EditorialsBy Matt Bud, Chairman, The FENG

I’m not sure if all of you are aware of it, but The FENG is driven off of the ONE database we maintain of your directory listings. Our RSVP system and The FENG Forum all derive their usefulness from being driven off this primary source of information and never have to be synchronized.

Here at world headquarters, we have many sneaky ways of keeping your directory listings current. For example, every message you write to me or to one of our administrative staffers is checked against your directory listing. That is why I preach frequently about your having an outgoing signature. It allows me to ensure that you will remain properly connected to your fellow members. We also have a program of surveying by chapter several times a year to encourage you to visit our website and complete an update. By phasing our update requests over the year, we aren’t at any time totally buried and can manage the process.
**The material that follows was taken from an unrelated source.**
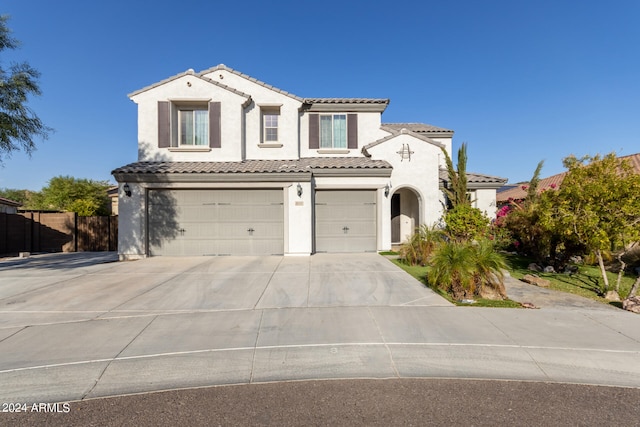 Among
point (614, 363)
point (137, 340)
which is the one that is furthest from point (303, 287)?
point (614, 363)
No database, once constructed, is ever completely accurate or up to date every again. It is a sad fact of life for database managers.

As a practical matter, it isn’t possible to maintain multiple databases as identical unless you copy one from the other from time to time. When I go on a trip, I simply copy all of my relevant folders, in total, to my laptop. I’m sure all of you who have iPhones are delighted with the simplicity of iCloud for your calendar. I know I am.
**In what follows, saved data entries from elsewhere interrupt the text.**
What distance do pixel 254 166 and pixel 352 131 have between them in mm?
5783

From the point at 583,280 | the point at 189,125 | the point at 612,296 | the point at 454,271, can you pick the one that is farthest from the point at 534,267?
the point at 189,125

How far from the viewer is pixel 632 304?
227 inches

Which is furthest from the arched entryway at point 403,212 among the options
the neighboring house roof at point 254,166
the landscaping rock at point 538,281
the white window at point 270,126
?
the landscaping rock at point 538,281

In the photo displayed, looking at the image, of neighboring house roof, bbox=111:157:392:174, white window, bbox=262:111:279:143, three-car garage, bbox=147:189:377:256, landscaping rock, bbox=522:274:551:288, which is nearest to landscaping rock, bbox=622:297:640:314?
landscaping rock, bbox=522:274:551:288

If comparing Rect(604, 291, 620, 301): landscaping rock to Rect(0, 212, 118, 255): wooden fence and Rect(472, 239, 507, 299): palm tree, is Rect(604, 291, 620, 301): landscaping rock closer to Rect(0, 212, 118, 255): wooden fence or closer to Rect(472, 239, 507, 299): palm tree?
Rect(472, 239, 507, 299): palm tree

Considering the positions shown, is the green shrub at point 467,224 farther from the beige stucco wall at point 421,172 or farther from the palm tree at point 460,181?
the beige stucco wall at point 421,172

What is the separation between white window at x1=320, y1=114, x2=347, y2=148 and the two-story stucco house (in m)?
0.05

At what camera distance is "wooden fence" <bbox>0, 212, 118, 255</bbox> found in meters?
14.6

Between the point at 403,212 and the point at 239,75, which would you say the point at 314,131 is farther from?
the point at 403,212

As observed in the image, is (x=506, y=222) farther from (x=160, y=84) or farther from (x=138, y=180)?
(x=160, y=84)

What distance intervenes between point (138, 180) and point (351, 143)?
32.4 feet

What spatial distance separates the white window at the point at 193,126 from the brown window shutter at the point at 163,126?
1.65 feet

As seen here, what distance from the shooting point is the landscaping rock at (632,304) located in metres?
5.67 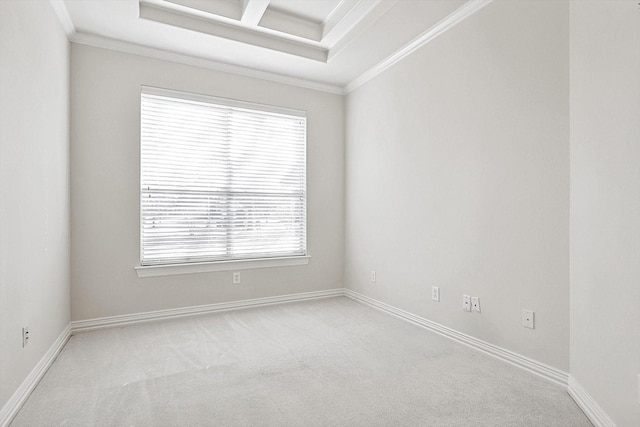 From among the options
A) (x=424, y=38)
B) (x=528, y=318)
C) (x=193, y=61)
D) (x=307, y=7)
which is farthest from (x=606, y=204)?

These are many other problems in running The FENG, but I won’t further bore you with all the mechanics in this editorial.

The purpose of this editorial actually is to advise all of you with profiles on the Internet of the need to ensure consistency in all of your published materials. In the hurly burly of conducting a job search, it is often difficult to read and reread your own resume some weeks to ensure it is consistent with your current thinking let alone that it is consistent with other sources.

If you have a Facebook AND a LinkedIn profile, you better make darn sure that you haven’t uploaded any inconsistencies. No search professional in today’s world who is responsible for vetting candidates can risk ignoring all of the publicly available sources that can be easily found on the Internet. You also need to be thinking if anything you have uploaded might be embarrassing.

What I am suggesting is that in addition to checking all your profiles anytime you make a change to your resume, you also need to Google your name and see what is out there about you. To quote Sir Walter Scott: ”Oh what a tangled web we weave when first we practice to deceive.”

If you modify your titles to downgrade or to upgrade your experience to better fit a position description, is it possible your actual title is somewhere in cyberspace?

What is worse is that people know people. When it gets down to crunch time and they are speaking with your references, be aware that they may contact someone not on your list and send them your resume. It is just too easy to do in today’s electronic world.

It would be a real shame if at the 11th hour plus 59 minutes and 59 seconds you were not offered a job because your real title 20 years ago was Manager and not Director.

These are the risks you are exposed to in our interconnected world. My suggestion is to keep your “databases” consistent by always being honest.

And no, I didn’t chop down that cherry tree.